### ACTIVITY
Among the entries below, only the lines from the one with "Моя фотография - Людмила, 49" through the one with "Chez Jan et" are wanted, reproduced exactly. Pictures are not wanted.

### RECORDS FOR THE EXERCISE
-- Opening Marker --

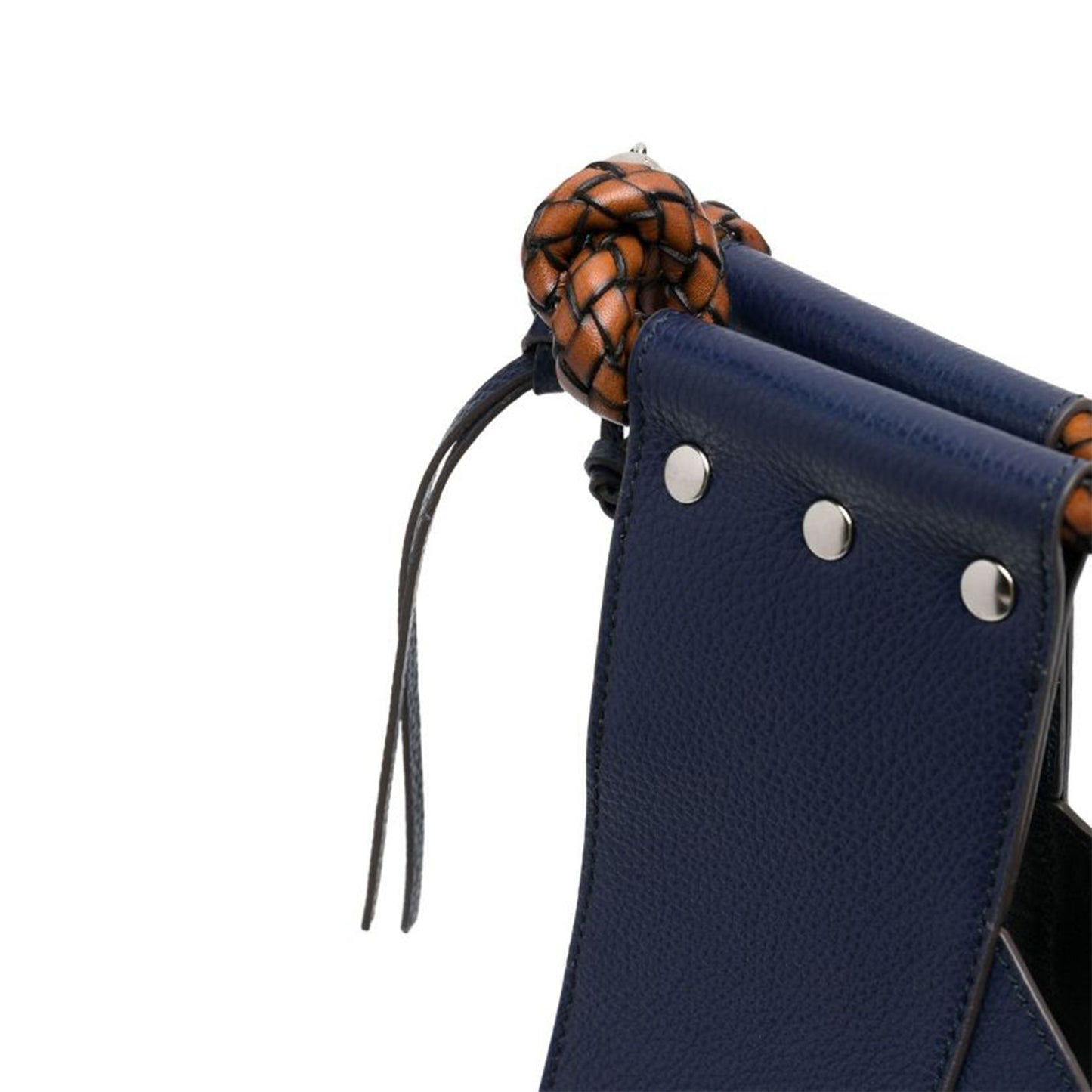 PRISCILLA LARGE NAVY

-- Closing Marker --
-- Opening Marker --

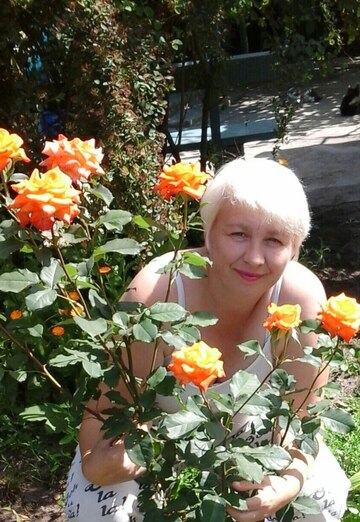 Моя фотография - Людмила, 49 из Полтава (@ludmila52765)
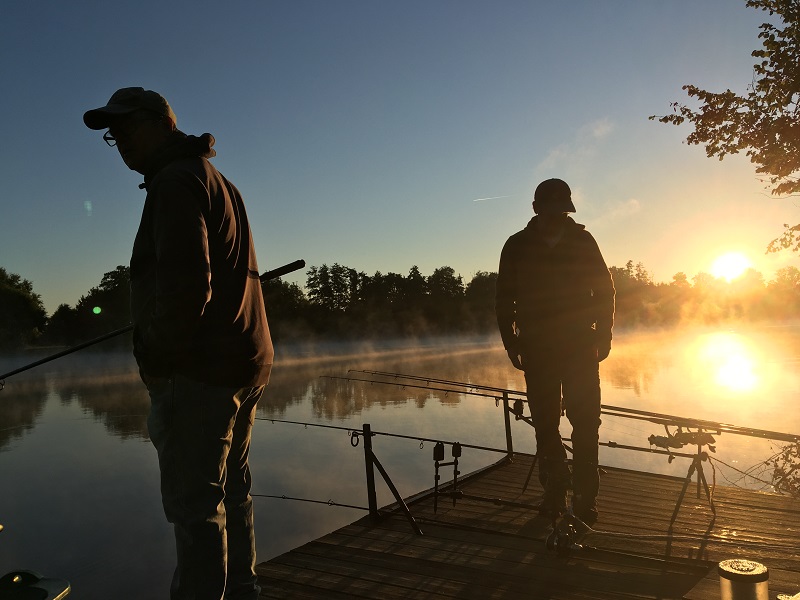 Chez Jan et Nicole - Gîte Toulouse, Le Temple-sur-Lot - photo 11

-- Closing Marker --
-- Opening Marker --

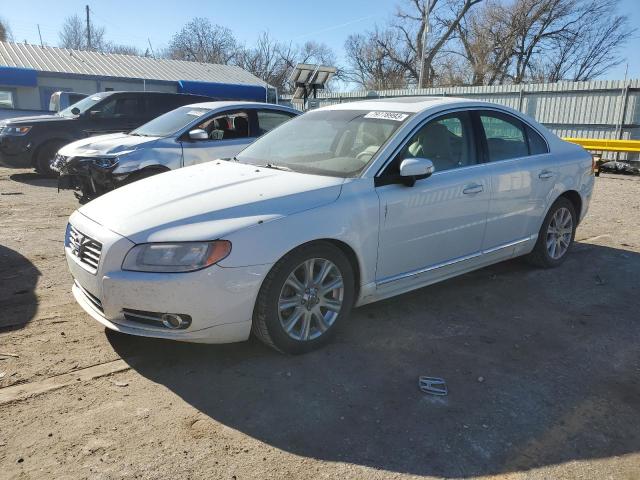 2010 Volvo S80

-- Closing Marker --

### EXERCISE RESULT
 Моя фотография - Людмила, 49 из Полтава (@ludmila52765)
 Chez Jan et Nicole - Gîte Toulouse, Le Temple-sur-Lot - photo 11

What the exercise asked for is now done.